> Material for this task:

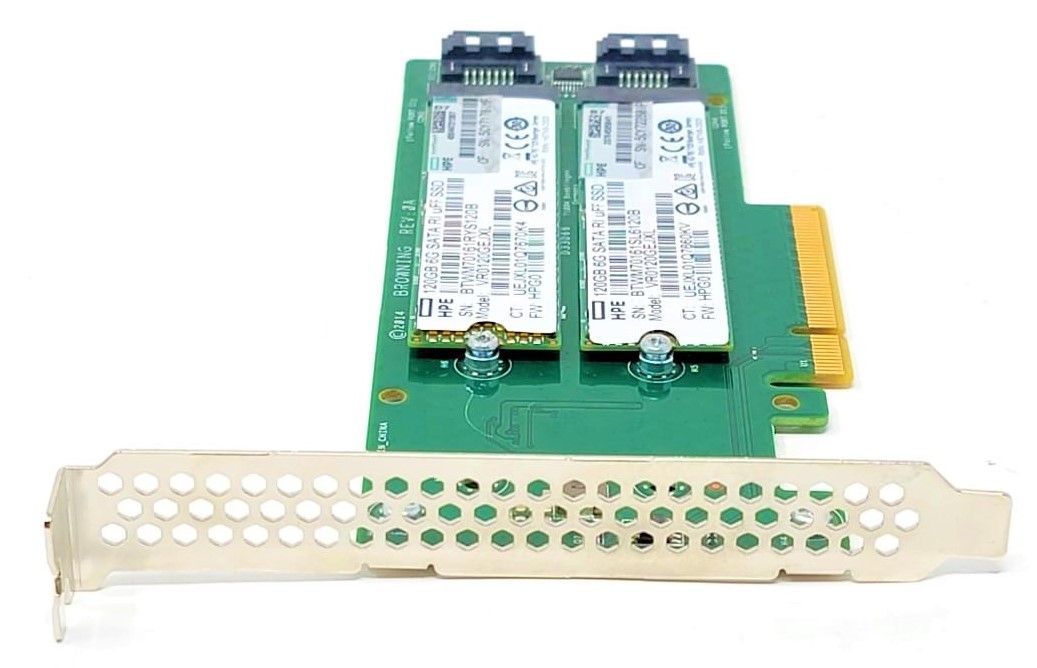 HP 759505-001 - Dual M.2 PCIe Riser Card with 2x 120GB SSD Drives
* * *
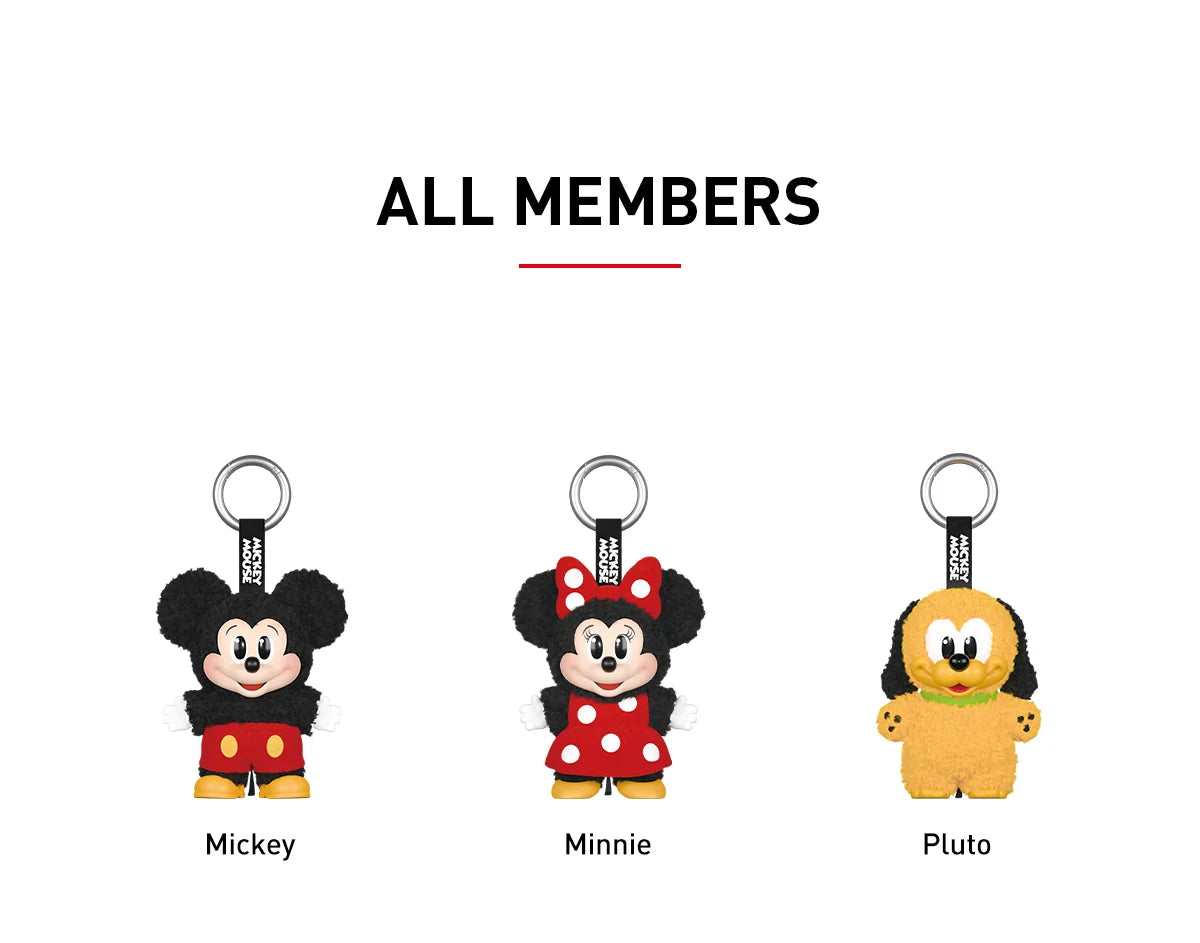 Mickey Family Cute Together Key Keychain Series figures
==
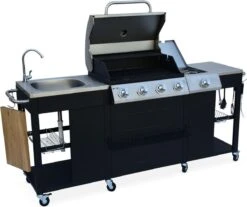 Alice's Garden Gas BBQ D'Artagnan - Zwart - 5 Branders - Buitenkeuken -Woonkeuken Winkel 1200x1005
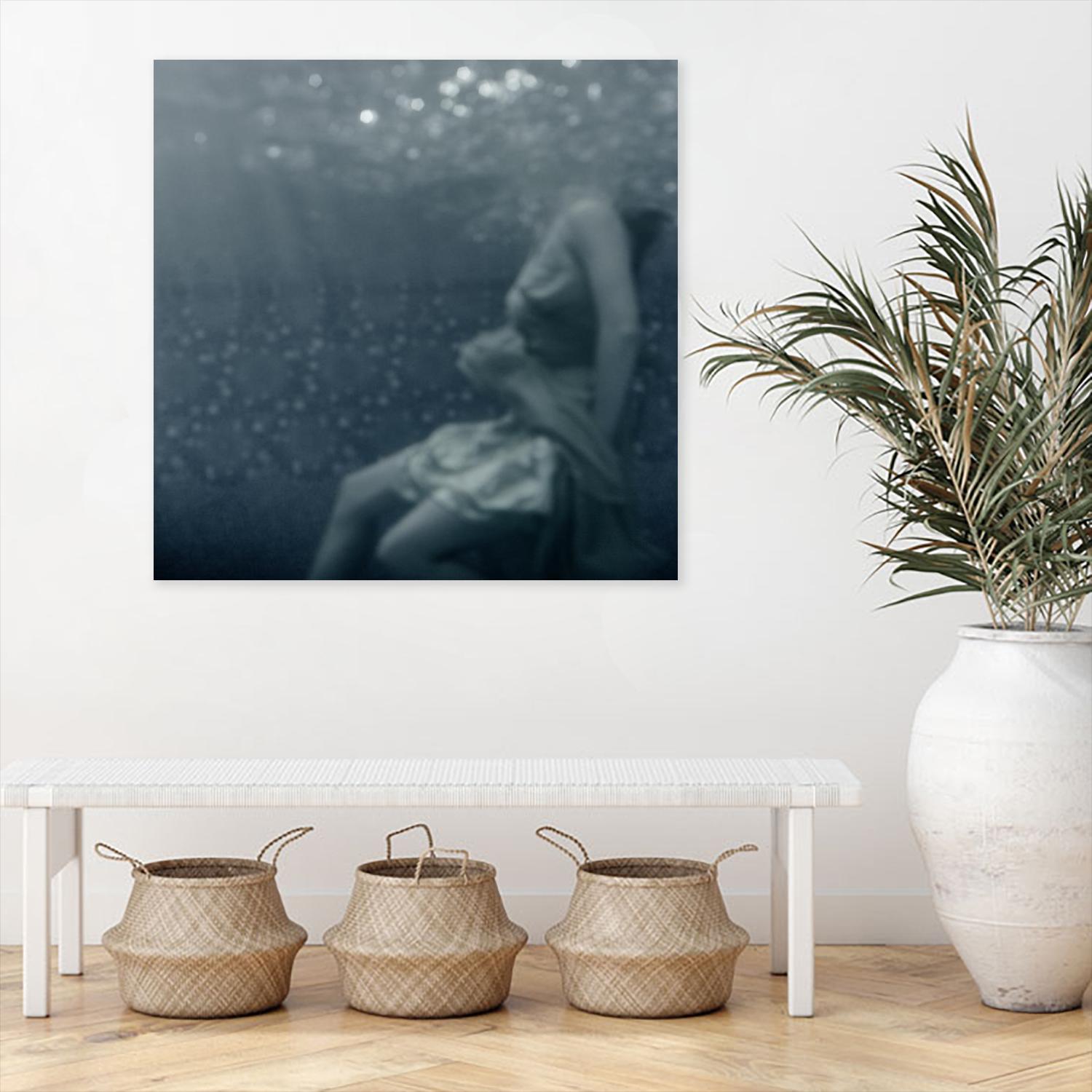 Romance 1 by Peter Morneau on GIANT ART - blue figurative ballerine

> Task item:
Every line above in the stretch from the one with "Alice's Garden Gas" through the one with "Romance 1 by" is to be transcribed exactly, ends included. No picture is copied.

> Response to this task:
 Alice's Garden Gas BBQ D'Artagnan - Zwart - 5 Branders - Buitenkeuken -Woonkeuken Winkel 1200x1005
 Romance 1 by Peter Morneau on GIANT ART - blue figurative ballerine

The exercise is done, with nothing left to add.